◆ **Exercise details**:
Omit the pictures and return exactly the stretch of the material below from the line with "Close-up of man" through the line with "Signature Design by".

◆ **Information given**:
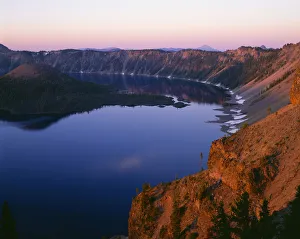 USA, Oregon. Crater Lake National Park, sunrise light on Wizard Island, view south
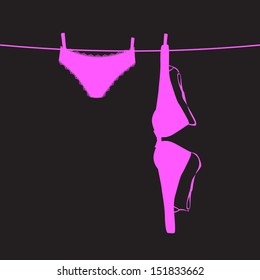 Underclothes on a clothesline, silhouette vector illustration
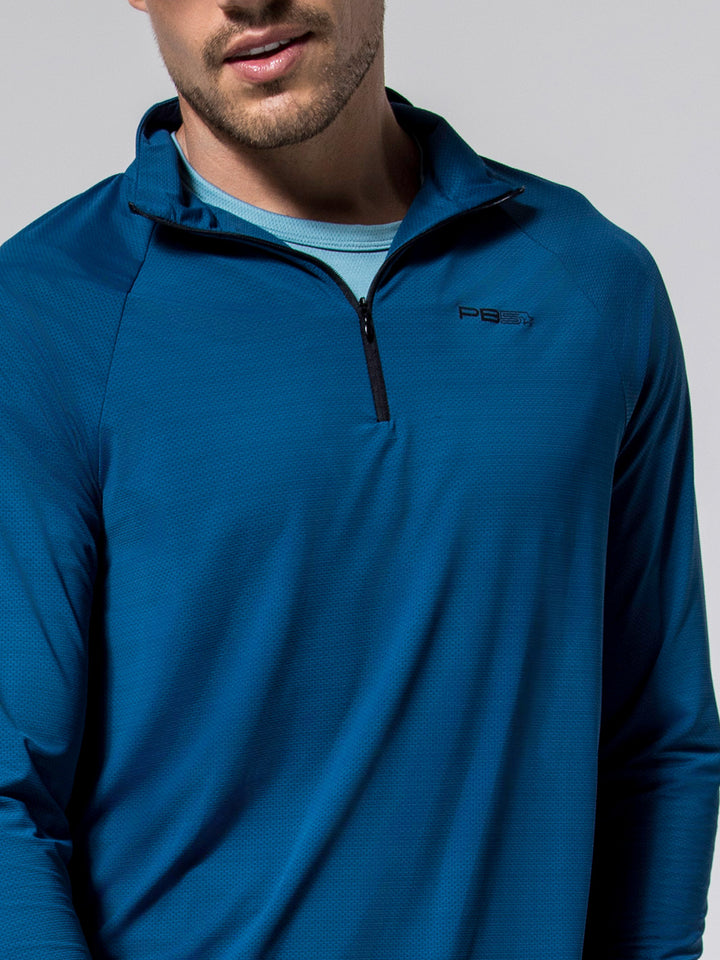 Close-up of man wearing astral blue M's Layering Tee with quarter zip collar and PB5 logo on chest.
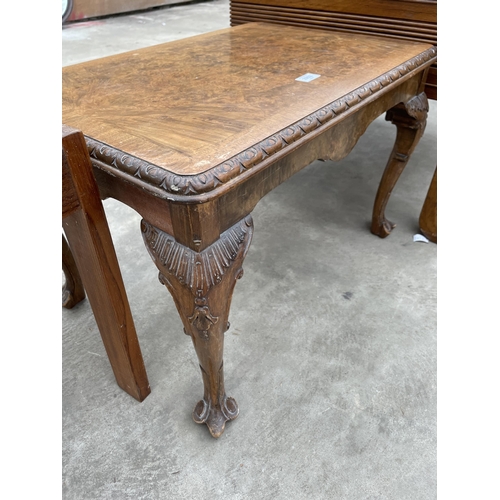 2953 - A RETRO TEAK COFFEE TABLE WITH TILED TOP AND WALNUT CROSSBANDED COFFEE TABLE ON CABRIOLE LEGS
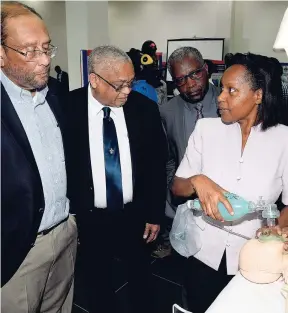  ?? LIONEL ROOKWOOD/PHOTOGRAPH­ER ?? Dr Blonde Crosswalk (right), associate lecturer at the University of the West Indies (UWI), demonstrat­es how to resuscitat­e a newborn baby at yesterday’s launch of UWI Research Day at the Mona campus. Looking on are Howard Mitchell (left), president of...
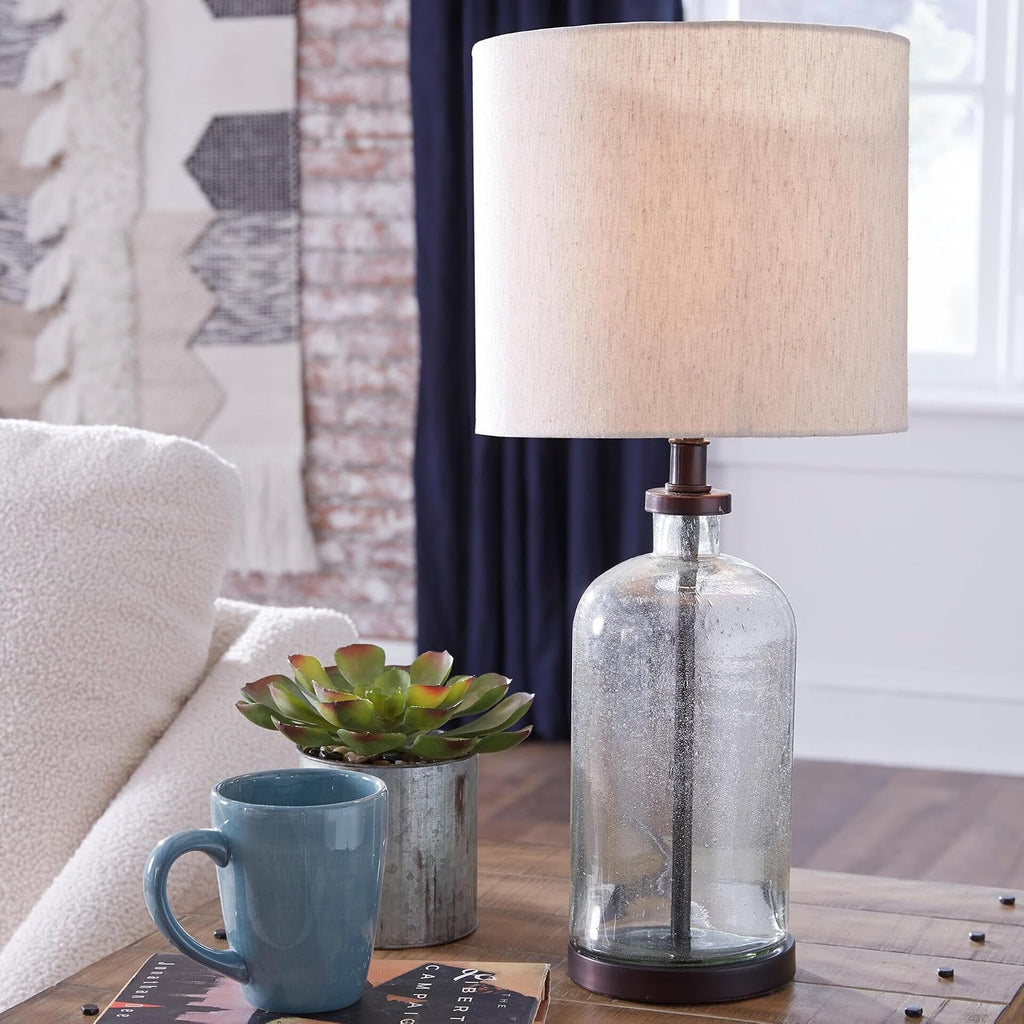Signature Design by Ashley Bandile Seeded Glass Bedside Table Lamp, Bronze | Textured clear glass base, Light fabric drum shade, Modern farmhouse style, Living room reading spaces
==
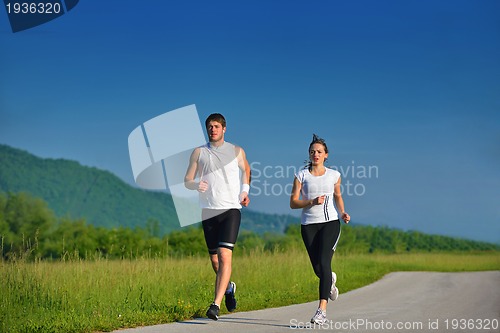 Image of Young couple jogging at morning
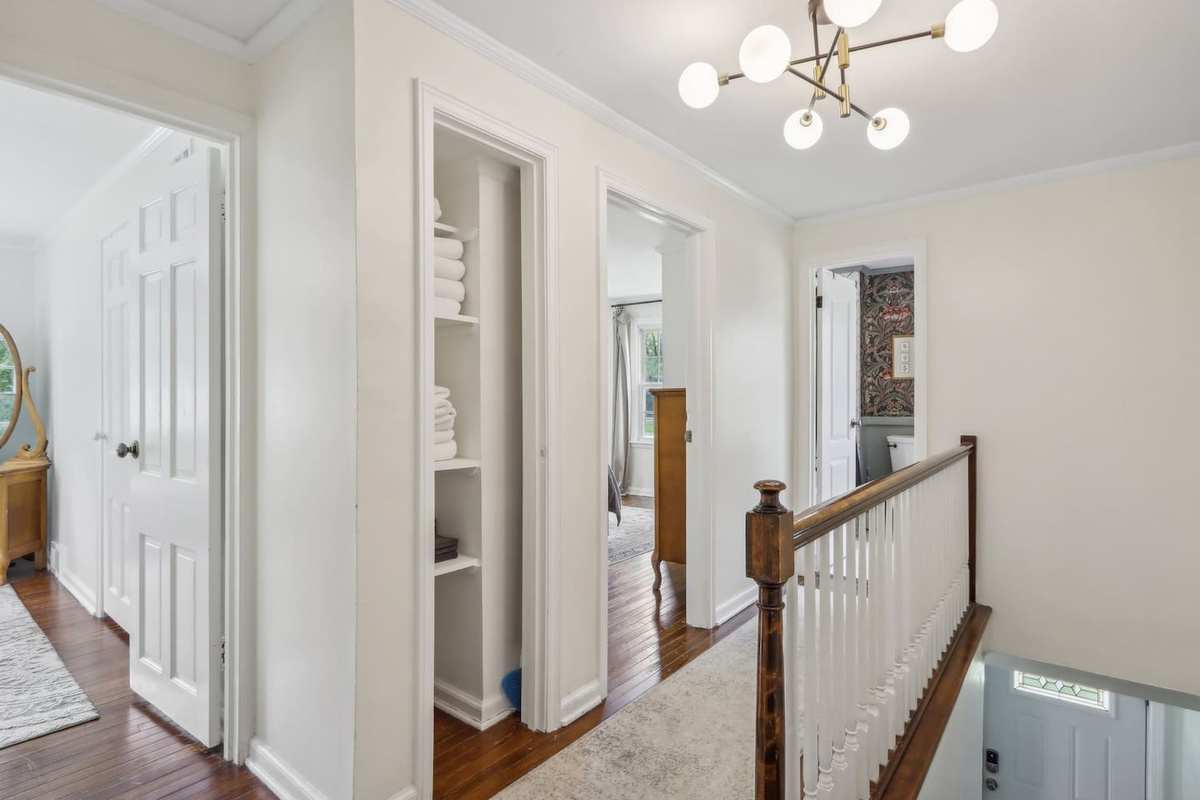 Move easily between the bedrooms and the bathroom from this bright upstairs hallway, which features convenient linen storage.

◆ **Response to this exercise**:
 Close-up of man wearing astral blue M's Layering Tee with quarter zip collar and PB5 logo on chest.
 2953 - A RETRO TEAK COFFEE TABLE WITH TILED TOP AND WALNUT CROSSBANDED COFFEE TABLE ON CABRIOLE LEGS
  ?? LIONEL ROOKWOOD/PHOTOGRAPH­ER ?? Dr Blonde Crosswalk (right), associate lecturer at the University of the West Indies (UWI), demonstrat­es how to resuscitat­e a newborn baby at yesterday’s launch of UWI Research Day at the Mona campus. Looking on are Howard Mitchell (left), president of...
Signature Design by Ashley Bandile Seeded Glass Bedside Table Lamp, Bronze | Textured clear glass base, Light fabric drum shade, Modern farmhouse style, Living room reading spaces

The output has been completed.